The 3rd Battalion were posted to Belize from February to August 1977, then a British territory, as part of the garrison there to protect it from the perceived threat of war with Guatemala, a neighbour of Belize, which was making claims that it believed Belize to be an integral part of Guatemala. In 1978, 1st Battalion deployed on operations to West Belfast for five months from Werl. The 2nd Battalion were in Gibraltar and the 3rd Battalion in Dover. The 3rd Battalion deployed to Bessbrook, Northern Ireland in 1979.

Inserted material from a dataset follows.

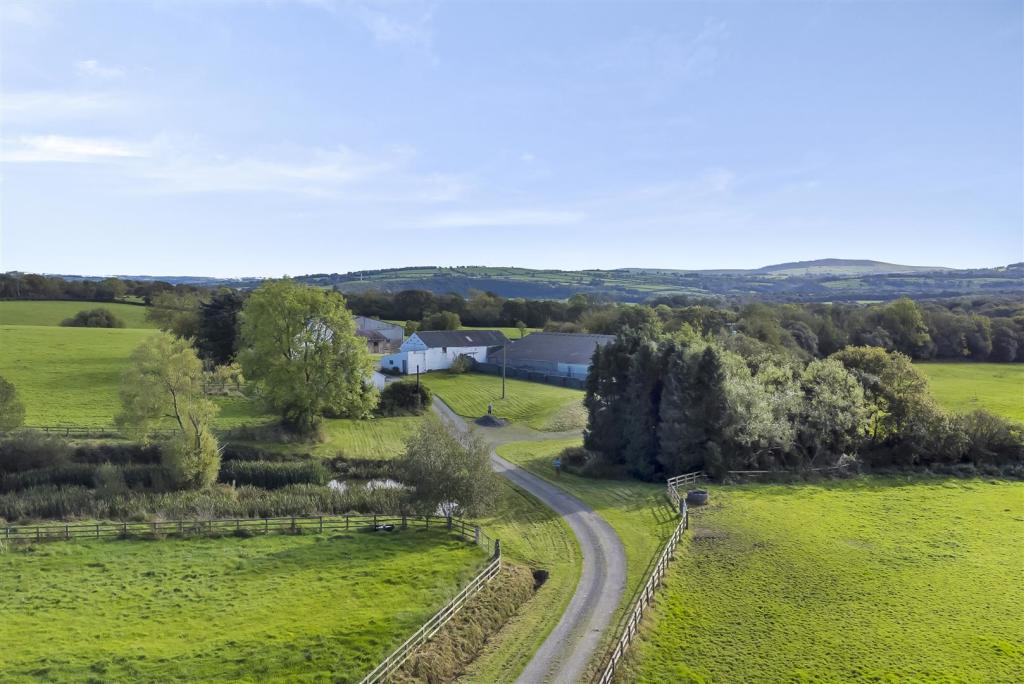 Lane To Property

The 1st Battalion moved to Canterbury (the regiment's home base) in 1980. From there it undertook a six-month tour of Belize. The 2nd Battalion deployed to Cyprus on a 6-month tour-of-duty with UN forces in 1981. The 1st Battalion were posted to Omagh in County Tyrone in 1982. It served there until January 1985 with south east Fermanagh as its primary focus. In 1983, the 2nd Battalion were posted to Derry, also on a two-year tour.

The 3rd Battalion were deployed to Belfast on a six-month tour from Fallingbostel in 1984. With all three battalions' in the province of Northern Ireland, A freedom parade was held in Belfast in 1984 at which all three battalions' Regimental Colours were paraded.

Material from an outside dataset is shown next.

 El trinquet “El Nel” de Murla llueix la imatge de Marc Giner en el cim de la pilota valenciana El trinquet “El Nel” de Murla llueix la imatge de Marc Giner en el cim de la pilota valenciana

The 1st battalion moved to Gibraltar in 1985 for two years before returning to the United Kingdom (Tidworth) in 1987 where it was to remain until 1990. During this period it undertook two 6-month tours of Northern Ireland – South Armagh in 1987 and Belfast in 1989/90. In 1990 the battalion moved to Minden in Germany, where it disbanded in 1992.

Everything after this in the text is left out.